Stochastic gradient estimators

Posted on August 11, 2020 by Calvin

The central algorithm that makes modern deep learning (and all of machine learning as a consequence) tick is the backpropagation algorithm. Roughly, a model constructs a computational graph of all arithmetical operations performed during forward propagation, which is then traversed in reverse to compute gradients of the output loss function with respect to model parameters. Modern deep learning frameworks attempt to make this algorithm a first-class citizen, so-called differentiable programming by using automatic differentiation techniques.
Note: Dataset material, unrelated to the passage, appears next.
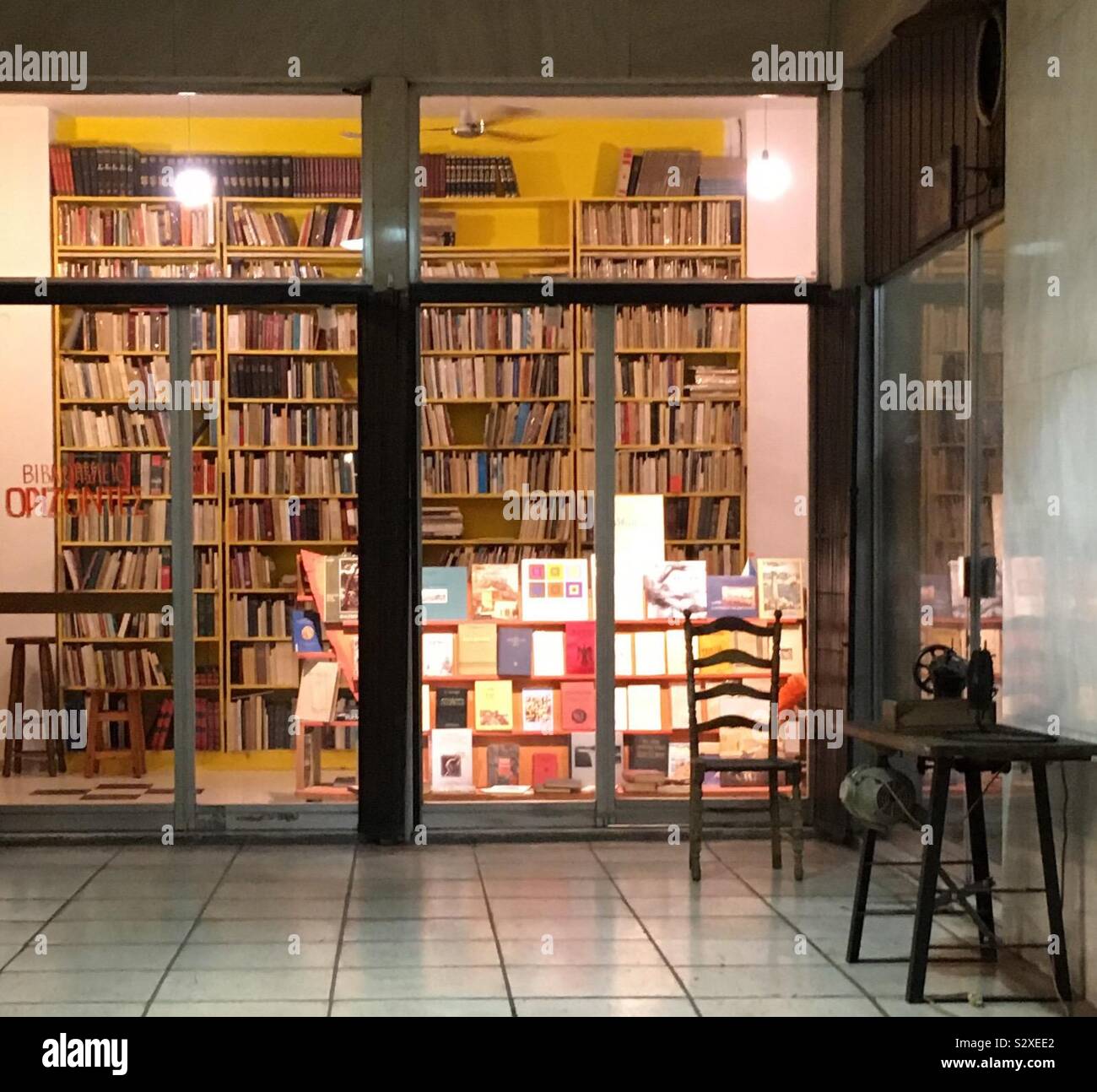 Bookshop in an arcade (stoa) on Akademias St. in Athens, Greece. This area is the academic quarter of Athens with many bookshops near the University of Athens and the National Technical University. Stock Photo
However, a limitation of autodiff concerns nodes in the computational graph that do not represent a deterministic operation, but instead a conditional distribution on its parent nodes. For example, in a variational autoencoder the encoder takes the input to a probabilistic latent variable, whose samples provide the input to the subsequent decoder neural network. The loss function in this case is an expectation over all of the possible values of the stochastic latent node, and we expect for an end-to-end model to be trained via backpropagation in the same way as a normal deterministic autoencoder.

In this post, we will review stochastic gradient estimators. My motivation for this post is to understand how to perform Bayesian inference on probabilistic models of discrete counts data, which is a type of data I often deal with.

stochastic gradients

We often deal with loss functions that are an expectation over random variables. Such loss functions take the form

\[ \text{Loss}(\theta) = \mathbf{E}_{z\sim p(z|\theta)}[ f(z) ] \]

where \(z\) can be a stochastic node in the overall computational graph that has a distribution conditional on its parent nodes. We are often interested in computing the gradients \(\nabla_\theta\text{Loss}(\theta)\) of the loss function. But this is difficult, because computing the loss function exactly turns out to be intractable for many models. Indeed, for a variational autoencoder, the reconstruction loss is of the form

\[ \text{Loss}_{\text{vae,rc}}(x, \theta, \phi) = \mathbf{E}_{z\sim q(z|x;\theta)}[p(x|z;\phi)] \]

where both \(p, q\) are neural networks of arbitrary complexity.

The crux of the difficulty stems from the fact that since the latent variable the expectation is taken over depends on \(\theta\), one cannot just swap the order of the expectation and the gradient operator \(\nabla_\theta\). If one could bring \(\nabla_\theta\) into the expectation, i.e. we have an expectation of gradients, we can perform Monte-Carlo estimation to form stochastic gradient estimators. That is, our goal is to find functions \(\tilde{f}\) such that in expectation,

\[ \nabla_\theta \mathbf{E}_{z\sim p(z|\theta)}[ f(z) ] = \mathbf{E}_{\tilde{z}\sim\tilde{p}(z|\theta)}[\tilde{f}(\tilde{z})] \]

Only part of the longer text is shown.